I think I'm saying that we're consigned to horizonal experience, there is always already a horizon . . . and an ecstacy . . . a being-between-the-interior-and-the-horizon (I think I get that more or less from Heidegger).

I want to introduce the notion of "definity", a bringing-to-the-end. This happens in language.

The sentence (the strophe or the remark) defines grief.

This cannot, of course, happen in the moment of loss, which is infinite in the sense your propose AND intractable to poetry (if I'm right). And ordinary language does indeed operate on the basis of these show-stopping infinities.

When I speak of "definition" I mean this not as we encounter it in dictionaries, but in musculatures, i.e., embodiments. Bodies are finite.

The totalizing gesture is not, you are right to correct me, geared to the horizon but BEYOND the horizon. I'm not sure that we can negate the horizon, not by poetic or other means, but there is the (totalitarian) attempt to make people "feel" that they can (even must), as it were, clear a space ABSOLUTELY.

Poetry, by contrast, affords us greater precision in our emotional apparatus.
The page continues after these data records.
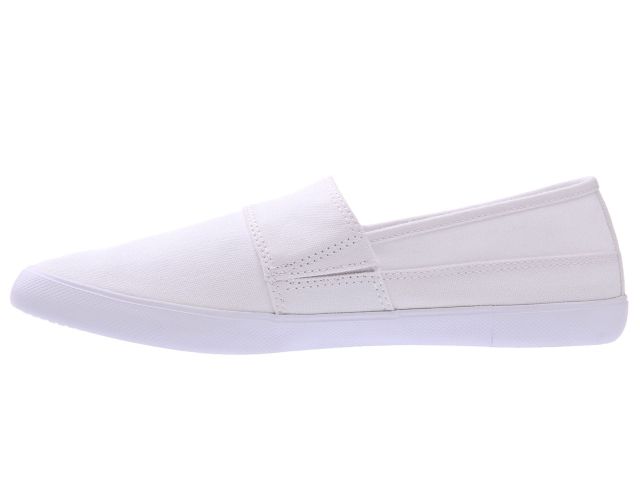 Lacoste Maricle 733CAM1071001 - 46 na Arena.pl
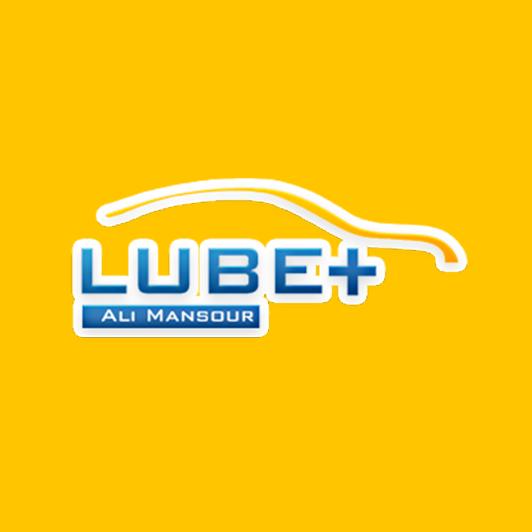 Lube Plus | 2955 County Rd 42, Windsor, ON N8V 1A1, Canada | Phone: (519) 969-9393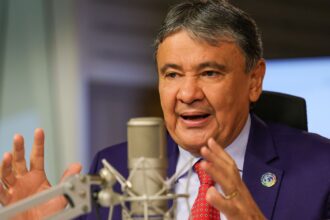 bolsa-familia-retirou-5,1-milhoes-de-familias-da-pobreza,-diz-ministro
Poetry does not bring grief to an end, but it does indicate the horizon of our grief, the hope that we can ALSO do something other than grieve.

Thomas Basbøll said...

Something's been bugging me. I finally brought my copy of the Tractatus home from the office and looked it up. Early on in this discussion I had said: 'it seems to me that [Wittgenstein's] translators really did him a disservice here by translating "Bemerkungen" as "propositions" instead of "remarks". After all, this obscures an important connection between the Trac. and the Phil. Investigations.' Well, that was unfair to his translators (Pears & McGuinness). Wittgenstein calls the numbered sections in the Tractatus "Sätze", which is translated as "propositions" throughout and wholly correctly. In the Investigations he calls the numbered paragraphs "Bemerkungen" (remarks). I was making a mountain out of the following molehill in the footnote to Trac. 1 on the numbering scheme: Pears and McGuinness translate "Bemerkungen zum Satze. . ." as "comments on proposition. . ." That is, some of the propositions are comments on others (the decimals indicating the relevant subordinations). This could have been translated "The propositions n.1, n.2, n.3, etc. are remarks on proposition no. n." (i.e "remarks" instead of "comments" for "Bemerkungen") and that was the allegedly "important connection" between T and PI that had been lost in translation. I'm not at all sure it's that important. (Nor even whether it justifies this correction.)

But I think my memory was simply adjusting to my bias. That is, I prefer to see the whole of the Tractatus in the light of the Investigations and to let this light strip it of its assertive "propositional" nature. We end up with numbered remarks, and remarks on remarks. Much more in the spirit of the work, I think, but not, as I had thought, in its letter.

Henry Gould said...

Enjoying this discussion, thank you, even though much of it is over my head. I guess my comment is a cautionary one. In trying to articulate the character of poetry's picture-logic - how it manages to present something real or coherent or telling - there's a danger of imposing some kind of determinism. For me what primarily differentiates poetry from science & philosophy is its contingent quality - something you touched on in comments about the writer/reader relationship, but I think it needs to be underlined. Poetry (or creativity in general) occupies a contingent Now which escapes ordinary notions of causality. Ironically, this activity may present the most accurate "picture" of reality.

Glazov-Corrigan, in her book MANDELSTAM'S POETICS, outlines how that poet conceived of poetry as the entwining of two distinct strands - the verbal matter and the poetic impulse. She shows how Mandelstam gradually developed his concept of the latter in relation to a shared journey of writer & reader, speaker & listener. I like this notion of poetry's dual, Janus-like quality: it's an image-architecture, certainly - a vision; but simultaneously its an impulse deeply grounded in a living, changing (human) encounter.

I don't know if this is relevant to your sophisticated discussion - feel free to pass over in - silence!